_Try it_:
Look below for the line that contains "Зеркальный шкаф с" and the line that contains "baidu ime アンインストール!", then restate both of them and every line in between, exactly. No picture goes in the copy.

_Available records_:
———

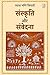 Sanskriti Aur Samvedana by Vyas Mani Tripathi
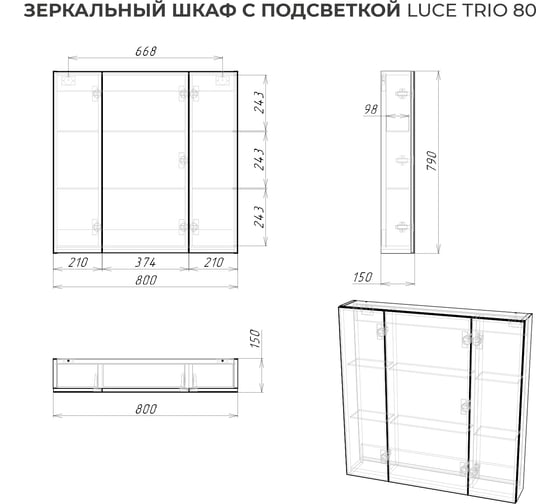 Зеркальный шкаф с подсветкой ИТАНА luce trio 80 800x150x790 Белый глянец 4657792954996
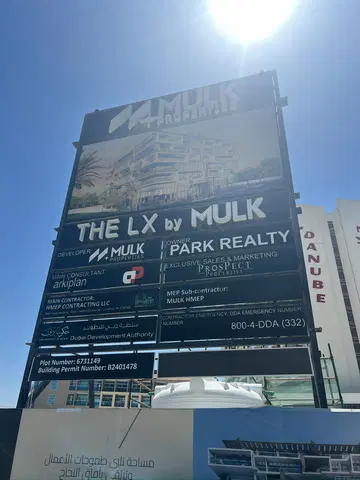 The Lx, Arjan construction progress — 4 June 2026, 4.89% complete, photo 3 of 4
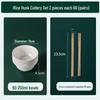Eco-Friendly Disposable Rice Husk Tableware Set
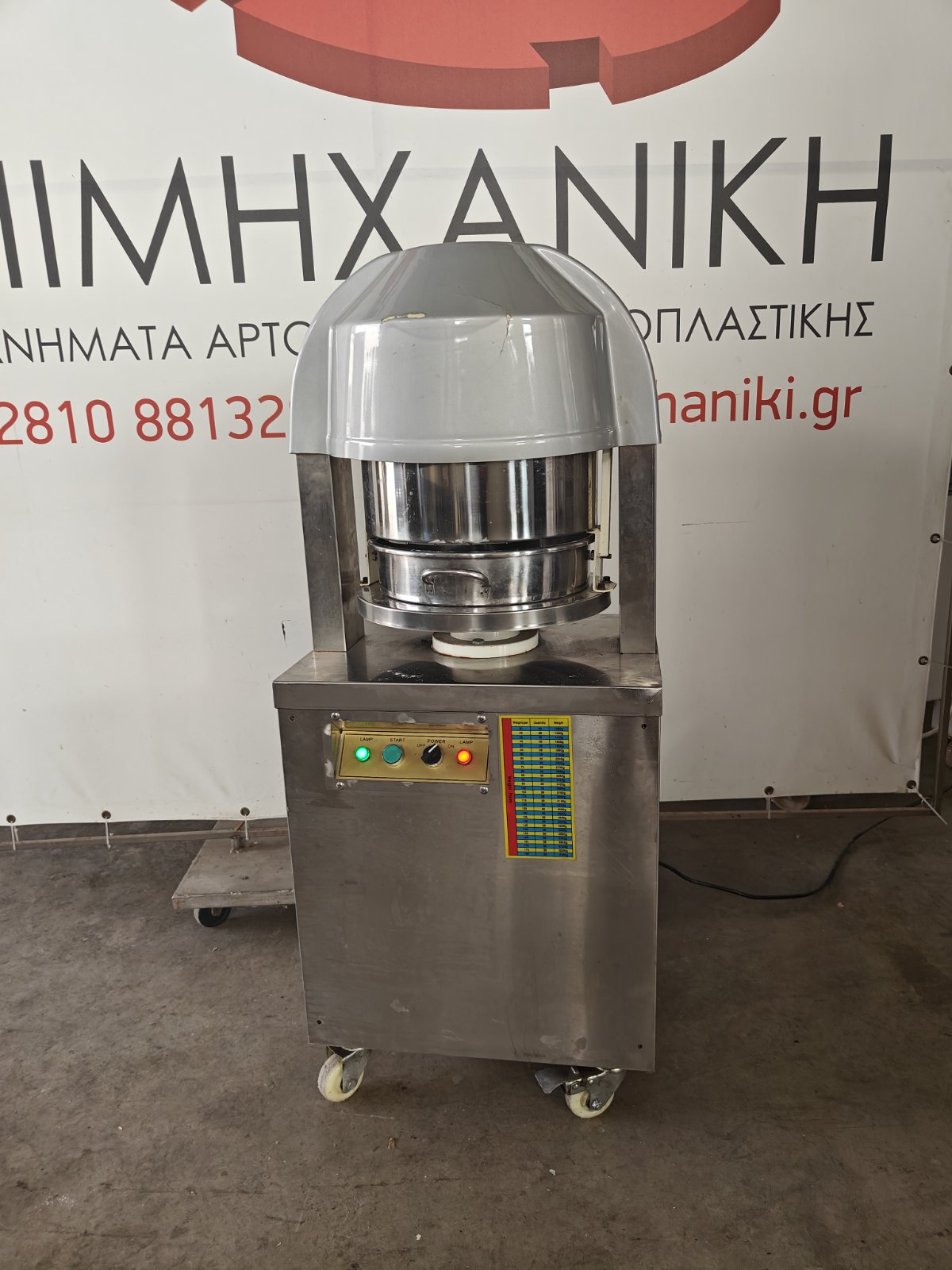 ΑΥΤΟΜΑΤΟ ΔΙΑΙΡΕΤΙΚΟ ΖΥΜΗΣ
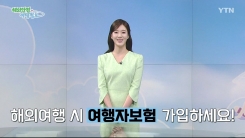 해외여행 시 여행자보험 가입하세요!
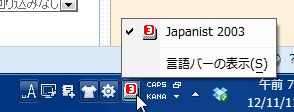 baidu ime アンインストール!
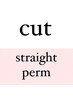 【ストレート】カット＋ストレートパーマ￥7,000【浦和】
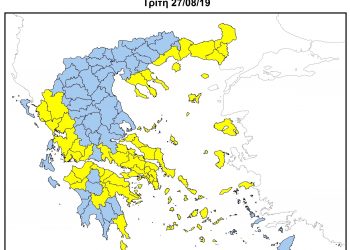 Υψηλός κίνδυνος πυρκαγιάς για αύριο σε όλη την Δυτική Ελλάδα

———

_Result for this task_:
 Зеркальный шкаф с подсветкой ИТАНА luce trio 80 800x150x790 Белый глянец 4657792954996
 The Lx, Arjan construction progress — 4 June 2026, 4.89% complete, photo 3 of 4
Eco-Friendly Disposable Rice Husk Tableware Set
 ΑΥΤΟΜΑΤΟ ΔΙΑΙΡΕΤΙΚΟ ΖΥΜΗΣ
 해외여행 시 여행자보험 가입하세요!
 baidu ime アンインストール!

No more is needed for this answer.